Google is a prime example of this, with Adsense, and how much it’s grown the company gown with monetizing text ads. Before Google came, almost ad services where all flashy images in the way of billboards in Las Vagas… a lot of noise, little in context. Google made that has changed the way we see ads, and odd has made it more meaning full (since you only get so many words to convey a point).
This is that braking point for video and audio, to make it a general object of the web or to keep things the way that they are. And this is where the baseline codec’s come in, by stating one all those that don’t conform to using the baseline can’t call themselves part of the standard. On the Web, any browser that bends or brakes standards is frown badly upon (you can see lot of this in the continuing campaign to stop others from using Internet Explorer 6). But to do this, Open Source must be the starting point for any codec to be used. It something that even W3C is very aware of of this point… so much so that anything that doesn’t confirm to their policy is something of a non-starter, most Open Source Licenses do confirm to this almost by accident (The BSD license is used with the OGG formats save Drac, which uses something else).

It makes one wonder why the debate started, since H.264 is a nasty replacement that reminds me of the chaos that ensued with MP3’s during the Naspter years. To the point where no-one in there right mind would touch the technology for fear of being sue out of existence. It has happened before and with the amount of money that is being poured into H.264 it is very likely to happen again, throught I fear the payouts will be MUCH bigger. To add to this, H264 becoming a standard over the internet keeps others trying to being something like Youtube, since as “content providers” once would be oblgated to pay MPEG-LA (or it’s members) a very big royalty should they reach that size (if Youtube moves to H.264, they too will have this oblgation to fill).
Really if we are to accept that, something it very wrong at the core of the internet. As much as there is this big fear of submerine patents, that effects any and all technologies… OGG looks alot better since that is the only baggage that they got legally and the rule about handling them in the US is much like the “Fight Club” (through there is a reason for this, that is for anyone that is found to willingly violate a patent in the US will be penilized for triple the damages. Even if it’s for the sake of finding out if one has violated a patent to change it later… Indeed in the US, you DON’T talk about the “Fight Club”) . To me the OGG formats, as bad as Theora is, are the only way forward since they give vendors the ability to treat the internet as it has been…. by giving people the ability to implement, share and use without royalites to suck potential dry.

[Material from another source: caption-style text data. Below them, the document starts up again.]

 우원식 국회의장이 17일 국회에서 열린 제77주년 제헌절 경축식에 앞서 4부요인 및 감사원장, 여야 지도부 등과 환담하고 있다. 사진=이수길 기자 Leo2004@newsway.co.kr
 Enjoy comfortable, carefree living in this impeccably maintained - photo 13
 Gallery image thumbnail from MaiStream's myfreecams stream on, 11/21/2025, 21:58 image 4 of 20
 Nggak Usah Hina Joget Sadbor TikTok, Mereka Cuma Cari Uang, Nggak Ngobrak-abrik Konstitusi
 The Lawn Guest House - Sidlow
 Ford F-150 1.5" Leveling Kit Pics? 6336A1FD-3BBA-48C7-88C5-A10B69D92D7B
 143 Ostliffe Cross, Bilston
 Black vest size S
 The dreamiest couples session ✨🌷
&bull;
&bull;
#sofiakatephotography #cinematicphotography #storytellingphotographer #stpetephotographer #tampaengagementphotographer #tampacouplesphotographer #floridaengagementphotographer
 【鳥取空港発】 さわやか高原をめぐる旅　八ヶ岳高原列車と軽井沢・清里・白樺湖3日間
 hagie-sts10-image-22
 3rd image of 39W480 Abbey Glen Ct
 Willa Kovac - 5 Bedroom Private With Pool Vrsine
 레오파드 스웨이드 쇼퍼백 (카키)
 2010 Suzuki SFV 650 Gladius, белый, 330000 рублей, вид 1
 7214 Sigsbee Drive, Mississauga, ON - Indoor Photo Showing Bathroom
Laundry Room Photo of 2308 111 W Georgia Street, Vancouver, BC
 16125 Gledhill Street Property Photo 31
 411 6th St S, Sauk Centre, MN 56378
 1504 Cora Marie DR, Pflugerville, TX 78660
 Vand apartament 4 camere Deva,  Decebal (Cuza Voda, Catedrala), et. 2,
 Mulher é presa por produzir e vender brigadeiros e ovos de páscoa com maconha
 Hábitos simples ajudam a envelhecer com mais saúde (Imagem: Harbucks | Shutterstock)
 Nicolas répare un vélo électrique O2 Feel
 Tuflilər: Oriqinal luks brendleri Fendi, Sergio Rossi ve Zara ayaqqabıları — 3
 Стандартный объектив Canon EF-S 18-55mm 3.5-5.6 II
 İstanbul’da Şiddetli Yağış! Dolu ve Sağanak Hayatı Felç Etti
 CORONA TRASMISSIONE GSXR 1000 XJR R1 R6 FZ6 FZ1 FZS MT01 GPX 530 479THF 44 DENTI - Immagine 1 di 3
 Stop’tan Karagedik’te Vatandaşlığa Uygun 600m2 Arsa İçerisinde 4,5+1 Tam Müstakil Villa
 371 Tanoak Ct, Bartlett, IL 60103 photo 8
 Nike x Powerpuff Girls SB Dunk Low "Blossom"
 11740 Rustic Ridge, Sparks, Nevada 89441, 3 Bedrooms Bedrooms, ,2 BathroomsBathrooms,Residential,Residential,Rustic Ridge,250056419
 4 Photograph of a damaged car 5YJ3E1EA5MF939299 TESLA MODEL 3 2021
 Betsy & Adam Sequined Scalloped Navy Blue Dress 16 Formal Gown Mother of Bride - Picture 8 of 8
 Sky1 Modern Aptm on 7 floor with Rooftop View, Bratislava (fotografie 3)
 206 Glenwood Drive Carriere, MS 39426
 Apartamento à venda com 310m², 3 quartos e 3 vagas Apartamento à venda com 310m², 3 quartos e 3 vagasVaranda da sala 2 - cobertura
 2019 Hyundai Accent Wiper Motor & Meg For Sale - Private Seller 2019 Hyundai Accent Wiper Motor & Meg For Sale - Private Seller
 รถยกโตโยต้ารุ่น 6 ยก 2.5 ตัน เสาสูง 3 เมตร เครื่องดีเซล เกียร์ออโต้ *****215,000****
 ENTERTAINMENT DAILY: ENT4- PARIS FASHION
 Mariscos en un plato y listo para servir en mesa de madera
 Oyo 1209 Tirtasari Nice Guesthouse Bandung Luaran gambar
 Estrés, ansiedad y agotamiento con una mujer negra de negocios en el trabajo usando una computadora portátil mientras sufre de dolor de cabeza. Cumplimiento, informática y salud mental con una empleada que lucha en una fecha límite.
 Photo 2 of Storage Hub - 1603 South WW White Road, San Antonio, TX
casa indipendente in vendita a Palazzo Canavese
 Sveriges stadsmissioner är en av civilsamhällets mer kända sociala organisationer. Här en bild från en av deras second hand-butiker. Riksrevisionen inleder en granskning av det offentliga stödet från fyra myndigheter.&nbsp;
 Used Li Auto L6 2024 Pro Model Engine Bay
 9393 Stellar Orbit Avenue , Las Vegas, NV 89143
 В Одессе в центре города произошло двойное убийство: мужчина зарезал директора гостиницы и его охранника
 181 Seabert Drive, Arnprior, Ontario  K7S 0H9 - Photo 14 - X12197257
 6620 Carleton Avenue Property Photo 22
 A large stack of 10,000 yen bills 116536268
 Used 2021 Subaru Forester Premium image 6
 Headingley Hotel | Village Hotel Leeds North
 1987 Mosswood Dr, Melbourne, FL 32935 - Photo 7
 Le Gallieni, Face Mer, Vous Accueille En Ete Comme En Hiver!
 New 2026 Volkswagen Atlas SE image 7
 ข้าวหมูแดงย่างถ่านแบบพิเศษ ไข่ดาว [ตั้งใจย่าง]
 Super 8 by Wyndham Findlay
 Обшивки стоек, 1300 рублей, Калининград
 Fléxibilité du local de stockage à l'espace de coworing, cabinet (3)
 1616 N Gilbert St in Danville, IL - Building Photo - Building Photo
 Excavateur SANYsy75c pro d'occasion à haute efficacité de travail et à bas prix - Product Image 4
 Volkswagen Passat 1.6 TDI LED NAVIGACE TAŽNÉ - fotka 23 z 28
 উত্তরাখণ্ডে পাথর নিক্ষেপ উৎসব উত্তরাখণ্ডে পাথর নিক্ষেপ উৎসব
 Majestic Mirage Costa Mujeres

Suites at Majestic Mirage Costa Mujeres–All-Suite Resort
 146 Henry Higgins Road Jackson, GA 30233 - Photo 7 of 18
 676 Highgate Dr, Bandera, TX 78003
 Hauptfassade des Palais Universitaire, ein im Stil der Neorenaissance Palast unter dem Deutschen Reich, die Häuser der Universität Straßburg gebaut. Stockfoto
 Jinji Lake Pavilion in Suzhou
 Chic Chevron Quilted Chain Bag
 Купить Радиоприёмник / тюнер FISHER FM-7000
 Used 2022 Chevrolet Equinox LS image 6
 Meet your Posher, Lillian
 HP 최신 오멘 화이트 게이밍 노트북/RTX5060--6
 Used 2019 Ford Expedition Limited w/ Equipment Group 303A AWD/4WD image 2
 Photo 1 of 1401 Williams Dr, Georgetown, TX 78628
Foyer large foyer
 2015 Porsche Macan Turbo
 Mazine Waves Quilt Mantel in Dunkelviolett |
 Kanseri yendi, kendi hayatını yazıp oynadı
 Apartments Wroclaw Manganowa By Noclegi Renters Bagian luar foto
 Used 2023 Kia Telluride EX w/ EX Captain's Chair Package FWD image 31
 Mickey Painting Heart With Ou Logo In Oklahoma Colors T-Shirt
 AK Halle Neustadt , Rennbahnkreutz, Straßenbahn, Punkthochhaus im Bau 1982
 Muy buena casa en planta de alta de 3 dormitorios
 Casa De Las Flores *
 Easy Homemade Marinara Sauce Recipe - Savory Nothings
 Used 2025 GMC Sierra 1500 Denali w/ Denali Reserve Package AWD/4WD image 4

Let me also pick a bone of something that I have seen. Mozilla more or less displayed there options in the open… H.264 is a non-starter since there are many others in the downstream of Gecko that would twitch at being open to this kind of risk. For that, they have been canned for endlessly for adopting an “Theora or bust” position. The same Foundation/Corp that released Firefox 3.5 to the world, where one billion copies of it have been downloaded (and counting)… Mozilla as some big clout that should not be overlooked for being number two. For those that can them for taken a high road on this matter, all I can say it this… wait and see.